# Gulf coast trip



## dbrady784 (Feb 17, 2014)

Im living in Galveston on the water currently, but would like to make a weekend trip to another stop in the gulf coast. Where would you go and why? Really looking to target something other than reds, jacks or pompano maybe, but not opposed to feeding more redfish in a different venue. If it’s along the gulf coast I’m willing to travel. Where are some places worth checking out? 
If anyone ever wanted to swap trips I fish weekly and gig a bunch in Galveston.


----------



## richg99 (Nov 28, 2009)

Calcasieu, maybe?


----------



## KimmerIII (Feb 9, 2017)

Tuna sin Venice


----------



## Ryan Russell (Apr 18, 2017)

Panama City and their bay systems, but there are shallower sandbars around the Destin area that you can wade and sight cast to Pompano.
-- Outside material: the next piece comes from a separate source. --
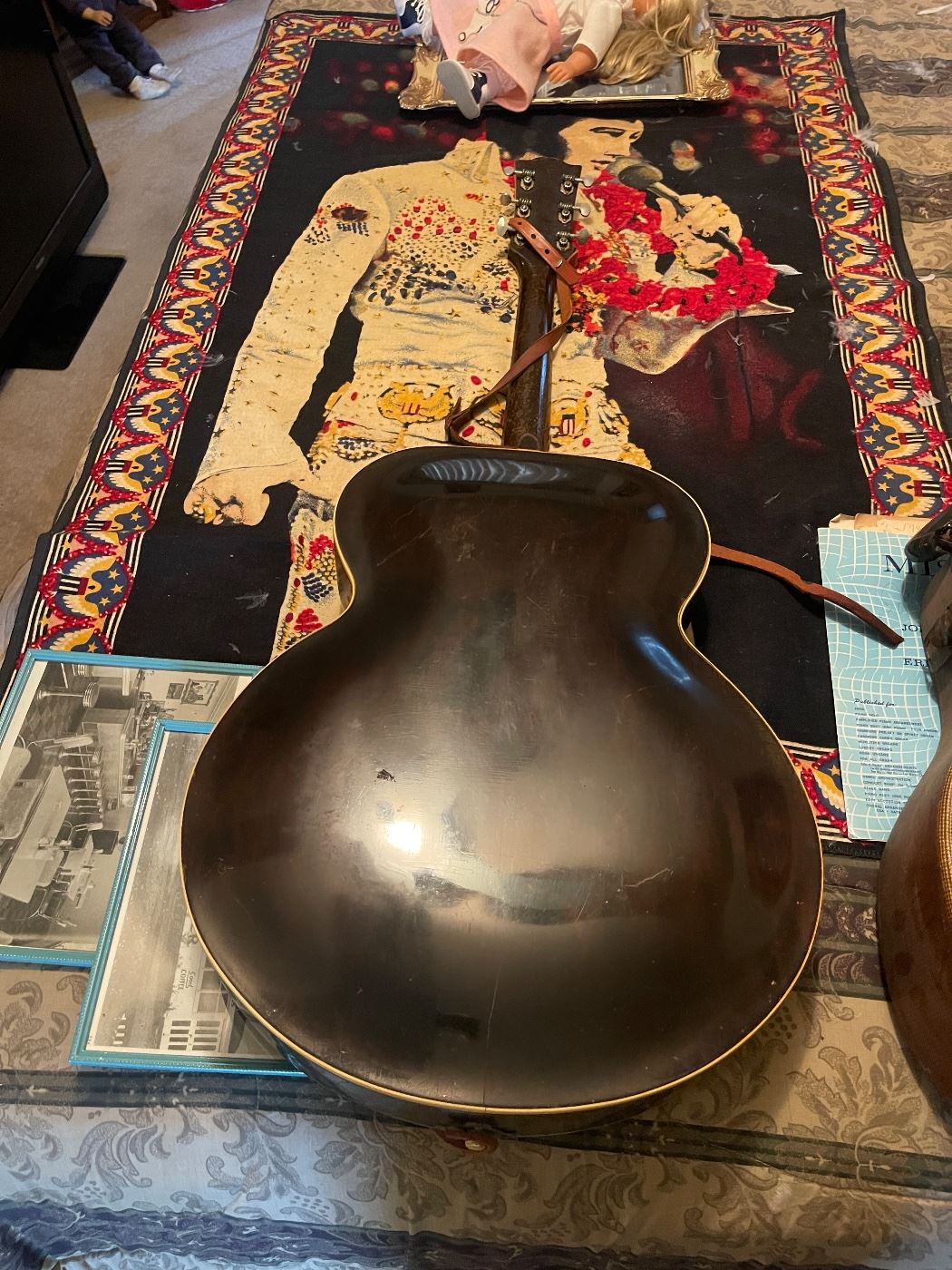 What model Gibson is this?????-1-7-jpg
It's basically our version of bone fishing


----------



## KimmerIII (Feb 9, 2017)

If you have never night fished for speckled trout under lights, the orange beach area is amazing for that in the spring, summer on fly rod. Lots of little trout and lots of fun. You aren't going to catch and monsters but its a fun trip to do.


----------



## Jred (Sep 22, 2013)

If I were you I’d head down to Freeport and maybe fish your way towards Galveston and see what you find there


----------